This blog post, written by Brendan McGurk of Monckton Chambers, is the first in a two-part series examining issues in relation to the movement of goods into and out of Northern Ireland following the UK’s withdrawal from the EU. This first part explores the provisions of the Northern Ireland Protocol and the issues surrounding imports and exports between Northern Ireland and (i) Third Countries and (ii) the EU respectively.

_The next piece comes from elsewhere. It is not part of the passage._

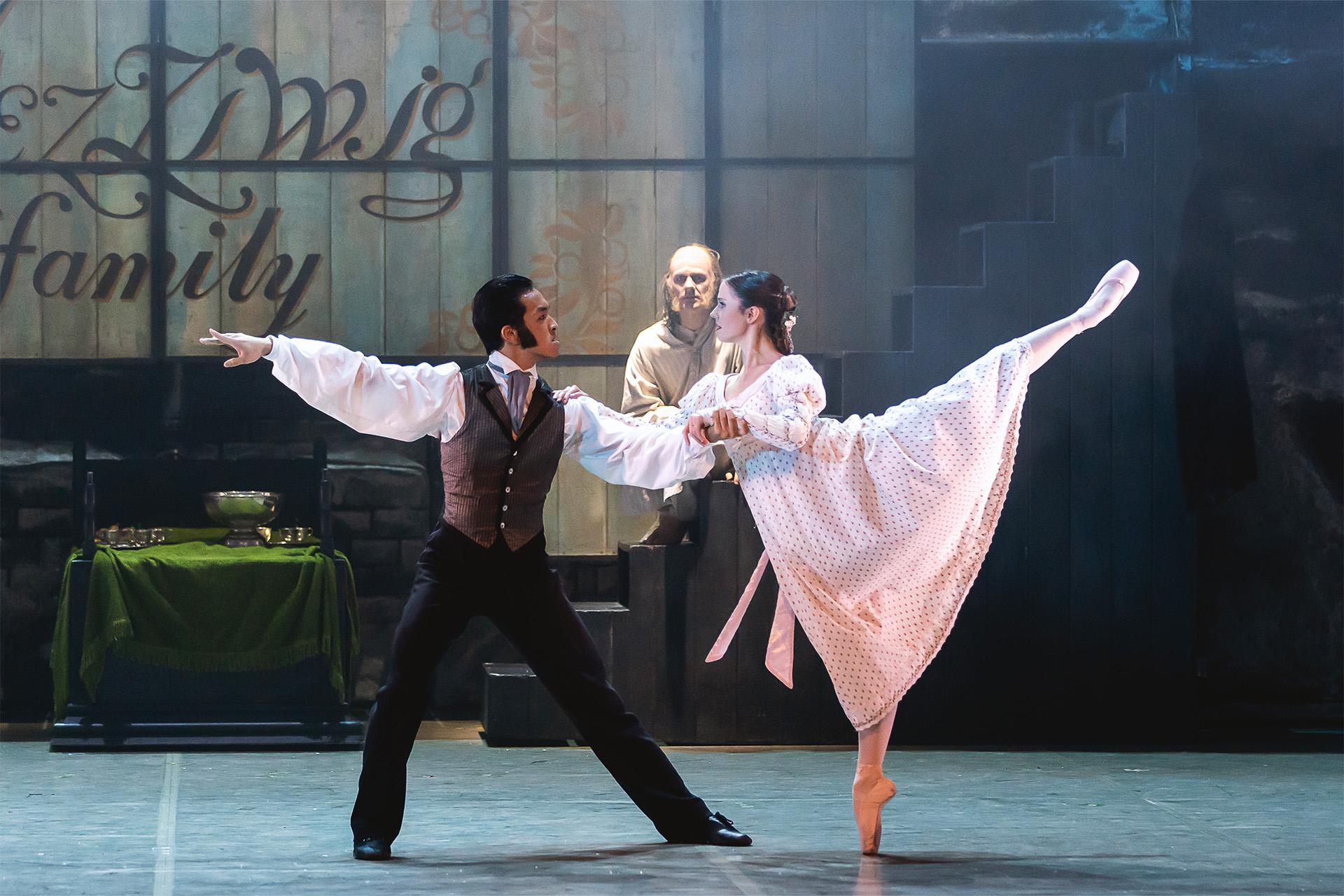 Two dancers on stage, one with arms outstretched and the other stood on pointe with one leg raised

The legal arrangements proposed from time to time in relation to the movement of goods into and out of Northern Ireland following the UK’s withdrawal from the EU have been driven by the same goal: to avoid a hard border between Ireland and Northern Ireland, where such a border would entail “any physical infrastructure or related checks and controls” (see the EU and UK Joint Report of 8 December 2017). That goal in turn reflects the obligation to protect the Belfast Agreement of 1998. The initial iteration of these arrangements involved the Northern Irish backstop (which was attached as a protocol to the November 2018 version of the Withdrawal Agreement), whereby the UK and the EU would remain part of a single customs territory until such time as a UK-EU agreement that avoided a hard border came into force. Having been rejected by Parliament on multiple occasions, the UK and EU negotiated the new Protocol on Ireland / Northern Ireland (“the NI Protocol”) which was published in October 2019.

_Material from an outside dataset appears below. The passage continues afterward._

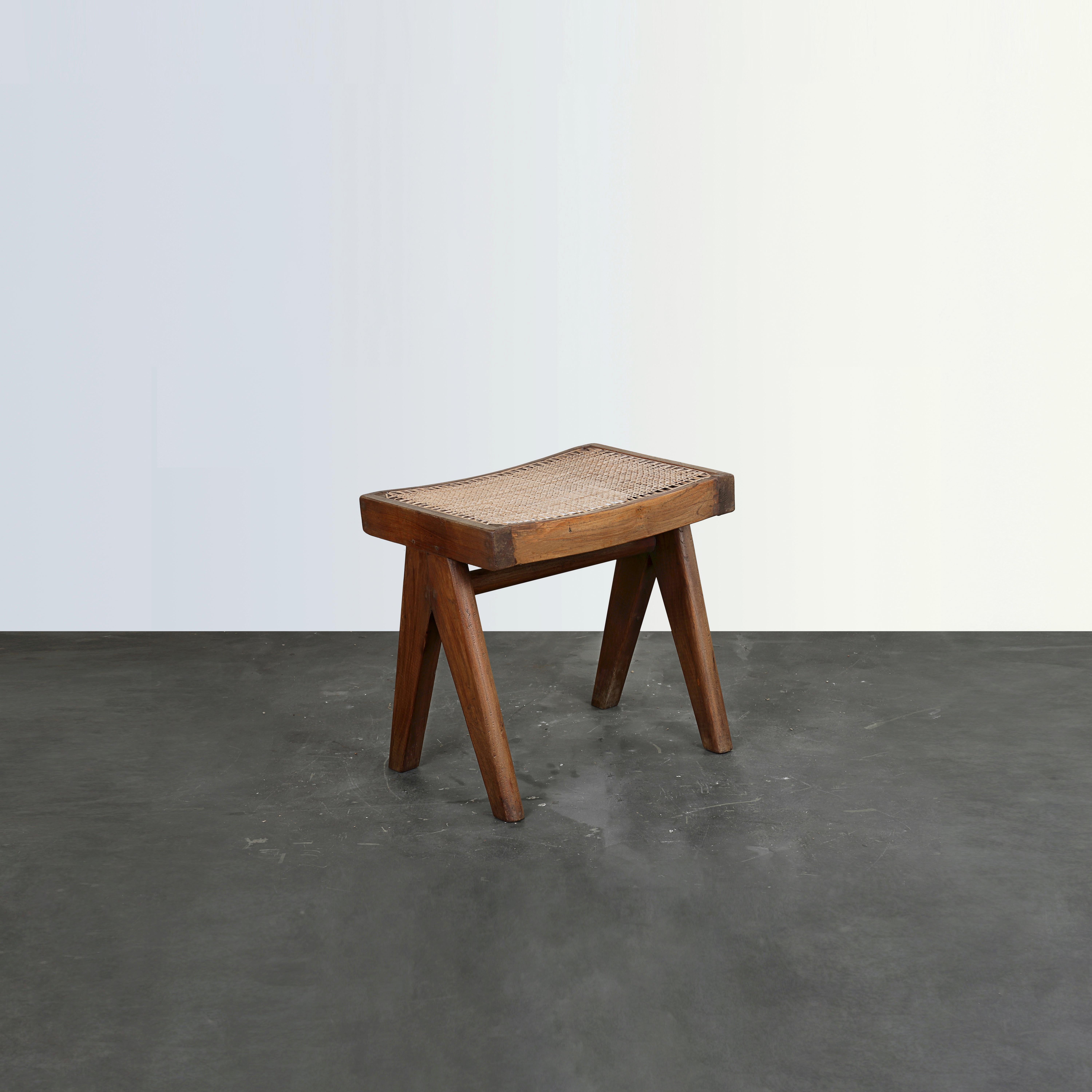 This stool is a fantastic piece; finally it's iconic. It appears so simple and yet so precise, where proportions seem to be perfect. Its patinated teak gives that objects a strong character, showing all that traces of age and its uniqueness. It has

In that document, the single customs territory (and thus the backstop) was replaced by new Articles 4 and 5. However, and has been pointed out previously on this forum, there is an evident contradiction at the heart of the NI Protocol as a result of those two Articles. That contradiction is the central focus of the House of Lords EU Committee’s recent report of 1 June 2020 (“the Report”) which provides a detailed guide to the Northern Ireland Protocol. In that connection, the Report notes:
“Article 4 states that Northern Ireland is part of the customs territory of the UK, and is reinforced by Article 6, which states that nothing in the Protocol “shall prevent the United Kingdom from ensuring unfettered market access for goods moving from Northern Ireland to other parts of the United Kingdom’s internal market”. But these are off-set by Article 5, which applies the entirety of EU customs legislation, including the Union Customs Code, to Northern Ireland.”

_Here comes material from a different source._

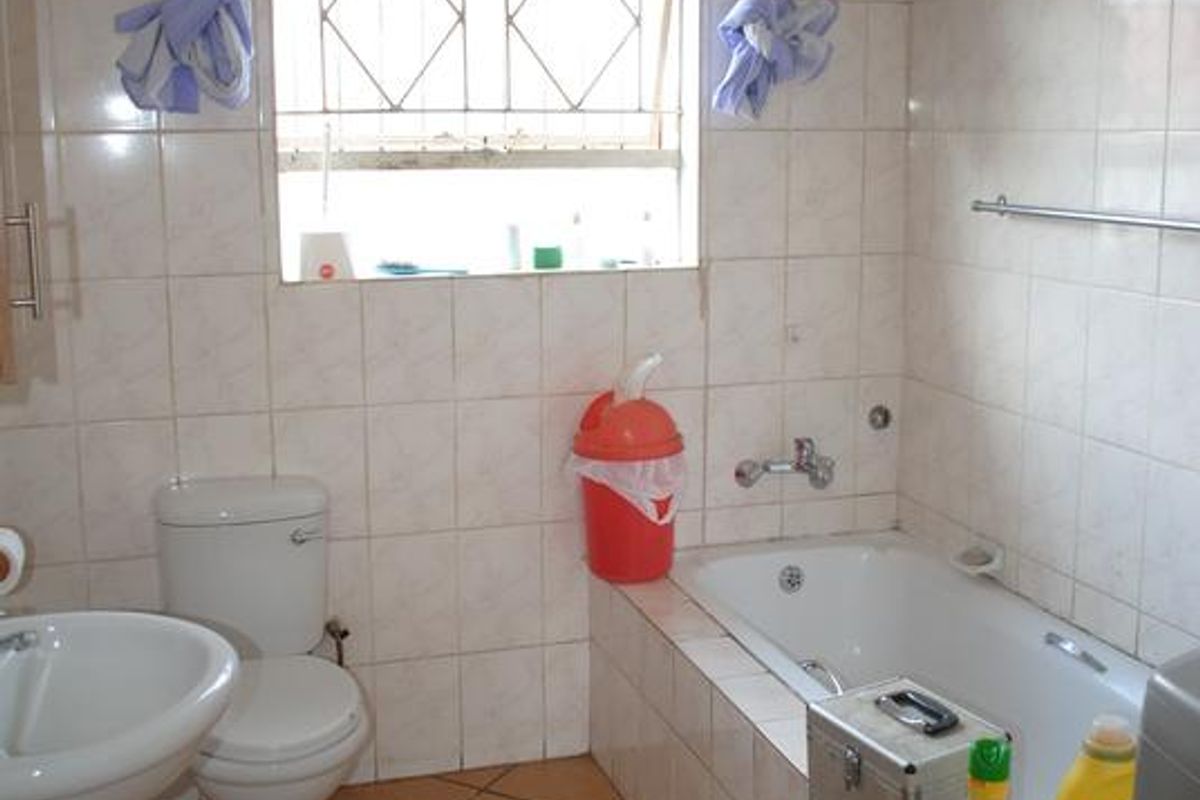 A functional bathroom featuring a pedestal basin, toilet, and built-in bathtub with tiled finishes throughout.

The NI Protocol is (save for a small number of provisions that are in force already) set to apply as from the end of the transition period, i.e. 31 December 2020, unless a comprehensive UK-EU Trade Agreement can be reached before then (where the ideal for Northern Irish business would be a zero-tariff deal that replicates existing EU tariffs and regulatory requirements and which would obviate many of the issues that will otherwise arise under the NI Protocol in the absence of customs and regulatory alignment). The UK-EU Withdrawal Agreement of 2019 makes clear that if the transition period is not extended before 1 July 2020, it is not capable of being extended (as discussed here, although there may be a Treaty-basis for such an extension outside the fixed mechanisms in the Withdrawal Agreement, as discussed here). It has been reported that the Government is set to inform the EU that it is not going to seek an extension under the Withdrawal Agreement. The need for a comprehensive free trade deal to be reached is now pressing, absent which there may be a very serious cost to Northern Irish business given the uncertainty that has been baked into the NI Protocol as a result of pushing the border to the Irish Sea.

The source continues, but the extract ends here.